Re: [PATCH 2/3] prune: fix pruning with multiple worktrees and split index

2017-12-11 Thread Thomas Gummerer
On 12/11, Brandon Williams wrote:
> On 12/10, Thomas Gummerer wrote:
> > be489d02d2 ("revision.c: --indexed-objects add objects from all
> > worktrees", 2017-08-23) made sure that pruning takes objects from all
> > worktrees into account.
> > 
> > It did that by reading the index of every worktree and adding the
> > necessary index objects to the set of pending objects.  The index is
> > read by read_index_from.  As mentioned in the previous commit,
> > read_index_from depends on the CWD for the location of the split index,
> > and add_index_objects_to_pending doesn't set that before using
> > read_index_from.
> > 
> > Instead of using read_index_from, use repo_read_index, which is aware of
> > the proper paths for the worktree.
> > 
> > This fixes t5304-prune when ran with GIT_TEST_SPLIT_INDEX set.
> > 
> 
> I'm on the fence about this change.  I understand that this will ensure
> that the proper objects aren't pruned when using a split index in the
> presence of worktrees but I think the solution needs to be thought
> through a bit more.
> 
> My big concern right now is the interaction of 'struct worktree's and
> 'struct repository'.  I'll try to highlight my concerns below.

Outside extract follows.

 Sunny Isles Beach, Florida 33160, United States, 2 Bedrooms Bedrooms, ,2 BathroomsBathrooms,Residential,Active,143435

Thanks for the review!  My thoughts on the concerns are below.

> > Signed-off-by: Thomas Gummerer 
> > ---
> > 
> > This also fixes t7009 when ran with GIT_TEST_SPLIT_INDEX.  I'm not
> > quite sure why it is fixed by this.  Either way I tracked the failure
> > down to f767178a5a ("Merge branch 'jk/no-null-sha1-in-cache-tree'",
> > 2017-05-16).  Maybe Peff has an idea why this fixes that test?
> > 
> >  repository.c | 11 +++
> >  repository.h |  2 ++
> >  revision.c   | 13 -
> >  3 files changed, 21 insertions(+), 5 deletions(-)
> > 
> > diff --git a/repository.c b/repository.c
> > index 928b1f553d..3c9bfbd1b8 100644
> > --- a/repository.c
> > +++ b/repository.c
> > @@ -2,6 +2,7 @@
> >  #include "repository.h"
> >  #include "config.h"
> >  #include "submodule-config.h"
> > +#include "worktree.h"
> >  
> >  /* The main repository */
> >  static struct repository the_repo = {
> > @@ -146,6 +147,16 @@ int repo_init(struct repository *repo, const char 
> > *gitdir, const char *worktree)
> > return -1;
> >  }
> >  
> > +/*
> > + * Initialize 'repo' based on the provided worktree
> > + * Return 0 upon success and a non-zero value upon failure.
> > + */
> > +int repo_worktree_init(struct repository *repo, struct worktree *worktree)
> > +{
> > +   return repo_init(repo, get_worktree_git_dir(worktree),
> > +worktree->path);
> > +}
> 
> My first concern is the use of 'get_worktree_git_dir()'.  Under the hood
> it calls 'get_git_dir()', 'get_git_common_dir()', and
> 'git_common_path()' which rely on global state as stored in
> 'the_repository'.  So how does one initialize a repository struct (using
> this initializer) using a worktree from a repository other than the
> global 'the_repository' struct?  I'm not sure I have an answer right
> now, but its an issue that needs to be thought through before we head
> down this road.

The main reason for just using 'get_worktree_git_dir()' was because it
exists and it does exactly what I needed.  If we ever have the need to
initialize a repository struct for a worktree from another repository
struct, I would imagine we introduce a new function
'repo_get_worktree_git_dir()', which takes a struct repository as
input and returns the worktree git dir based on that.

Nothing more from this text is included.